He had three wives and Margaret Keane was in the middle. "Mr. Keane is survived by his ex-wives, Barbara Mearns of Carmel, Margaret Keane of Sebastopol, and Joan Keane of Vancouver, British Columbia. There was an ongoing feud about the use of his name, the creative authorship. The famous "Keane" pictures started out depicting big-eyed waifs and runaways but later graduated to big-eyed dogs, giraffes, geishas and grown adults, was the subject of a decades-long controversy. The stakes were high: millions of dollars in copyright fees. Both Mr. Keane and his second wife, Margaret Keane, also a San Francisco painter, claimed to be the creator. After his death, Margaret kept painting - her online gallery is http://www.margaretkeane.com.
The dispute came to a climax in a 1986 lawsuit, when a federal judge in Honolulu ordered both Walter and Margaret Keane to paint pictures for the jury. Margaret produced a likeness of a big-eyed child in 54 minutes. Mr. Keane declined to paint, saying he had a sore shoulder. There was also a scheduled Union Square "paint-off" in 1970, covered in Life magazine, where Margaret again produced a painting but Walter failed to attend. Herb Caen, who knew Mr. Keane from his North Beach days, concluded in a 1991 column that Margaret Keane was the real painter.
Mr. Keane was born Oct. 7, 1915, in Lincoln, Neb. He was one of 10 children from his father's second marriage and grew up in a white clapboard house near the center of the city. As a child, he made money by selling shoes. Friends said in later life he proved to be a great promoter and salesman. He moved to Los Angeles in the early '30s and attended Los Angeles City College.
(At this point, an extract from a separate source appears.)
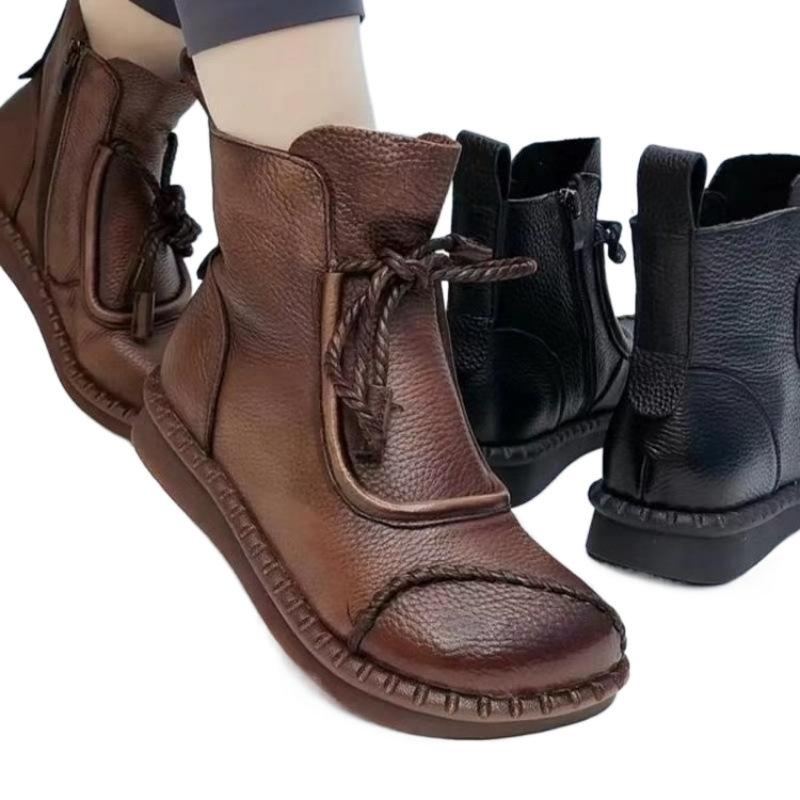 Short boots women's winter women's two cotton flat-bottomed non-slip women's shoes soft leather mother shoes velvet boots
He also spent time in Paris as a young man and told friends later in life that he had studied art there.
The inspiration for the big eyes, he said, came from seeing despairing street children in war-torn Berlin after World War II. In San Francisco during the postwar Bohemian era, Mr. Keane cut a dashing figure in North Beach. His sometimes raucous escapades were noted in newspaper columns, including an altercation with Hungry I club owner Enrico Banducci.